# Rod suggestions.



## AUtigerfan (Sep 16, 2014)

Looking to get a rod for walking along the beach. 8' to 10' mediium to light action is what I'm thinking. Tips, suggestions anything will help and where to get them. Budget is maxed out at roughly $50 to $65.


----------



## surfpro (Jun 3, 2016)

Penn Prevail 8' or 9' foot surf rods have worked great for me. Walmart carries them for about $75. You might be able to catch one in your price range when Dicks or Academy have a sale.


----------



## fishboy (Oct 6, 2007)

Look at steelhead rods, chrisv knows what's up. There are some cool rigs you could put a 4000 size reel on and throw a spoon or pomp jig a mile.


----------



## AUtigerfan (Sep 16, 2014)

*Surfpro,*

I was at Wal-Mart today looking at that particular rod but the longest that they had in stock was 7'6".
Looking at fishing gear online when I came across this ad. It's new to me so thought I'd share.
http://www.basspro.com/webapp/wcs/s...d=10151&catalogId=10051&langId=-1&pageID=5517


----------



## Splittine (Nov 24, 2007)

Go to Outcast and get one of the Star rods.


----------



## Chechem (Mar 20, 2016)

Splittine said:


> Go to Outcast and get one of the Star rods.


... and you may have to put a crowbar in your wallet to free up some cash!


----------



## Splittine (Nov 24, 2007)

Chechem said:


> ... and you may have to put a crowbar in your wallet to free up some cash!


Yeah missed that part. Gonna be hard with that budget.


----------



## SurfFishingMeister (Aug 18, 2015)

If you want a decent rod for surf fishing and a low price I would go with the meat hunter fishing rod. A two piece 10 foot rod is $39.00 and a 12 foot one is $49. I prefer the 12 foot rod because it's rated for 2-8oz. I fish 4oz weights not matter the condition because I can sling it a mile. I own 1 of the 12 foot rods it's not my favorite compared to my Penn Prevails and off shore Gold Cup rods because it's not stout feeling. It's kinda whippy and sling shot feeling when I cast it. However, it has the most play when catching pompano which makes it more fun to fish than the others. You must use electrical tape to marry the two pieces together or the top piece will fly out when you cast it. Do not fish this rod unless you tape it together. I think it's a steal for the price, it's also a fiberglass rod and that's why it's less expensive. More expensive rods are graphite and they more durable. 

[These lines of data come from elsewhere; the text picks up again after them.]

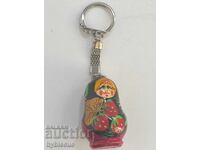 ключодържател с матриошка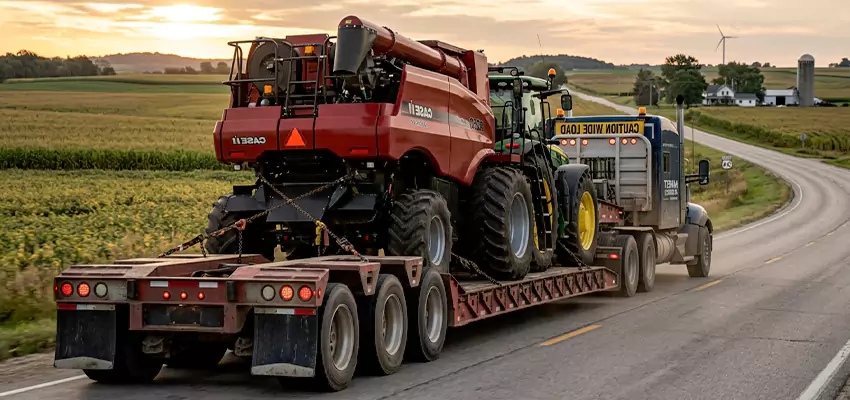 Farm Equipment We Haul in San Jose, CA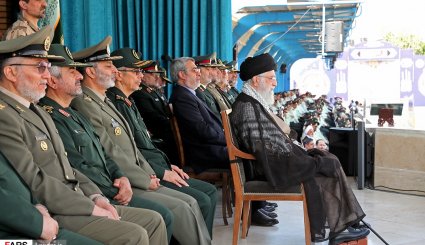 مراسم دانش‌آموختگی دانشجویان دانشگاه علوم انتظامی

Here's the link to buy one:

http://rfsportsinc.com/store/store_product_detail.cfm?Product_ID=4&Category_ID=1


----------



## Chris V (Oct 18, 2007)

Are you wanting a set up mostly for throwing lures?


----------



## afrayedknot (Jun 27, 2013)

I bought this one and paired it with a Quantum Blu BL30 PTS reel I picked up on sale at Academy. I put some 20lb Kastking braid(figured if I was going cheap do it the whole way) on it and I like it a lot. It's great for chunking lures and definitely gives me more range than my 7' rods. I only surf fish about 5 times a year so it works well enough for me.

http://www.uglystik.com/uglystik-ro...-gx2-spinning-rod/1363867.html#specifications


----------



## AUtigerfan (Sep 16, 2014)

Thanks for all of the advice and input. I did do quite a bit of research on the information that my fellow fishermen provided. Being that my birthday is next month I am in contract negotiations with my insignificant other for a 9' Penn Prevail and the Penn 400.
She has informed me that I am not worth as much as I think I am and certainly not worth a new rod and reel. 
I think I will win this round though, fishing get me out of the apartment and she has peace and quiet. My argument has been "your not doing it for me, your doing it for yourself."
Tight lines everyone.


----------